Amarin (NASDAQ: AMRN) reported second quarter 2020 results yesterday. During the earnings conference call, the management and the analysts discussed mainly the ongoing VASCEPA litigation. Let’s see the key points from Amarin’s earnings call
Amarin’s total revenue in the second quarter increased by 34% to $135.3 million but failed to meet Street’s targets. Net product revenue growth of 33% in the quarter was fuelled by the higher VASCEPA sales and an increase in VASCEPA selling price in the US.
On a GAAP basis, the company reported a profit of $4.4 million or 1 cent per share, which was better than the net loss of $1.8 million or 1 cent per share reported in prior-year quarter. Adjusted EPS of 2 cents topped the market’s views.
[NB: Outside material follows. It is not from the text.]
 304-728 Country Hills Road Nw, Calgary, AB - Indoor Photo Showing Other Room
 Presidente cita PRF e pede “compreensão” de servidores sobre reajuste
Beginning in mid-March 2020, Amarin direct promotion of VASCEPA to healthcare professionals got limited due to social distancing practices associated with COVID-19 and by patients electing to forego visiting their doctors for non-urgent medical examinations. While COVID-19 continues to impact the promotion of VASCEPA, there were early signs of improvement.
Last month, Amarin launched its first television-based promotion of VASCEPA. Regarding regulatory review of VASCEPA in Europe, COVID-19 appears to have modestly slowed certain aspects of the review with the overall timeline for the review being completed by the EMA shifting from what was previously estimated as late 2020 into the current estimate of early 2021.
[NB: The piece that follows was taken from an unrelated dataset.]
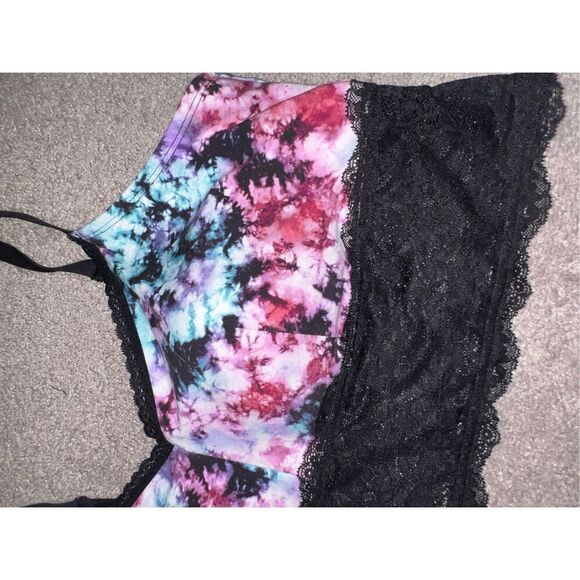 Torrid Tie Dye Lace Bra Top sz 4 (26) - Picture 2 of 7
During the Q2 earnings conference call, CEO John Thero mainly discussed about VASCEPA litigation and the possible outcomes. Analysts also asked questions mostly about VASCEPA litigation.
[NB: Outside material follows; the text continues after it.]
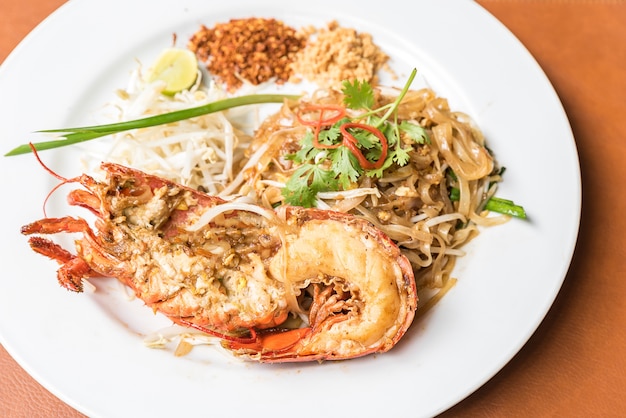 Aragosta pad thai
This patent litigation is in the US only and it pertains to the rights to market and sell VASCEPA for its first FDA approved indication, the indication for lowering triglyceride levels in patients with very high triglyceride levels. Amarin stated that if VASCEPA becomes generic, there will be less potential benefits.
Given the relatively high manufacturing costs and the affordable pricing Amarin has used for VASCEPA, if VASCEPA becomes a generic drug in the US, the company anticipates that little, if any money, is likely to be saved by patients or by insurance companies from the availability of a generic version of VASCEPA.
The oral hearing is scheduled for September 2, 2020. Amarin anticipates Federal Court’s decision to be made public late this year or early in 2021.
Some investors have asked Amarin whether settlement with the generic companies is likely before the Federal Circuit decision. CEO John Thero stated,
“While anything is possible, at this stage, such a settlement is unlikely. As a reminder, a settlement would only be useful to Amarin if it’s settled with both of the two active ANDA litigants on mutually acceptable terms and also gets the district court’s decision vacated. If the district court’s decision is not vacated, our settling with the two generic companies that are litigants in this matter won’t stop other generic companies from seeking to fill the void.”
AMRN stock closed yesterday at $7.03, up 3.84%. Amarin shares have lost 67% of its value since the beginning of this year.